The advantage of this Glacier Directory data model is that it simplifies greatly the data transfer between tasks. The single mandatory argument of most OGGM commands will allways be a glacier directory. With the glacier directory, each OGGM task will find the input it needs: for example, both the glacier’s topography and outlines are needed for the next plotting function, and both are available via the gdir argument:

from oggm import graphics
graphics.plot_domain(gdir, figsize=(6, 5))
../../_images/9678ba18221909b02e74bae4859b7553f5eb344145fbac7fa2f45f4d20253519.png

Another advantage of glacier directories is their persistence on disk: once created, they can be recovered from the same location by using init_glacier_directories again, but without keyword arguments:

# Fetch the LOCAL pre-processed directories - note that no arguments are used!
gdirs = workflow.init_glacier_directories(rgi_ids)
2024-08-25 21:07:10: oggm.workflow: Execute entity tasks [GlacierDirectory] on 2 glaciers

See the store_and_compress_glacierdirs tutorial for more information on glacier directories and how to use them for operational workflows.

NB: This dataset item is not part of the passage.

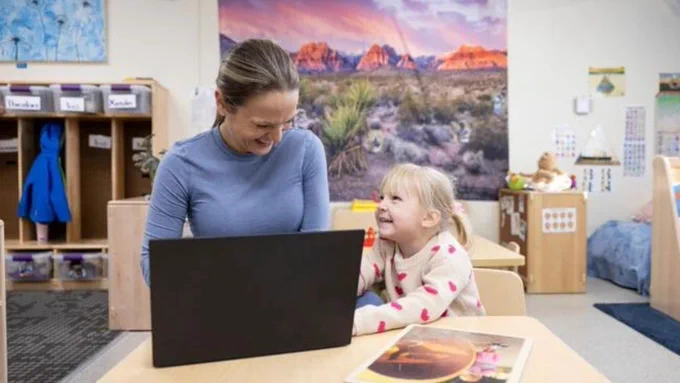 Mother working on her laptop during drop-off as her daughter tries to get her attention at a childcare center on a college campus.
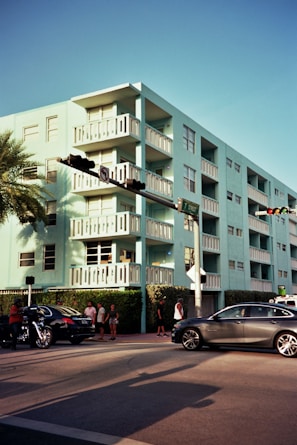 A pastel blue apartment building with multiple balconies stands prominently on a street corner. Several cars and a motorcycle are visible on the street, while a small group of pedestrians gathers on the sidewalk. A palm tree and some traffic lights add to the urban scene.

Accessing data in the preprocessed directories#

Glacier directories are the central object for model users and developpers to access data for this glacier. Let’s say for example that you would like to retrieve the climate data that we have prepared for you. You can ask the glacier directory to tell you where this data is:

gdir.get_filepath('climate_historical')
'/tmp/OGGM/OGGM-GettingStarted-10m/per_glacier/RGI60-11/RGI60-11.01/RGI60-11.01328/climate_historical.nc'

One can then use familiar tools to read and process the data further:

import xarray as xr
import matplotlib.pyplot as plt
# Open the file using xarray
with xr.open_dataset(gdir.get_filepath('climate_historical')) as ds:
    ds = ds.load()
# Plot the data
ds.temp.resample(time='YS').mean().plot(label=f'Annual temperature at {int(ds.ref_hgt)}m a.s.l.');
ds.temp.resample(time='YS').mean().rolling(time=31, center=True, min_periods=15).mean().plot(label='30yr average');
plt.legend();
../../_images/7f18ba3bf7df30614b022d3354ef76d417f77a568fab3bf5316f35a3b311cf4a.png

As a result of the processing workflow the glacier directories can store many more files. If you are interested, you can have a look at the list:

import os
print(os.listdir(gdir.dir))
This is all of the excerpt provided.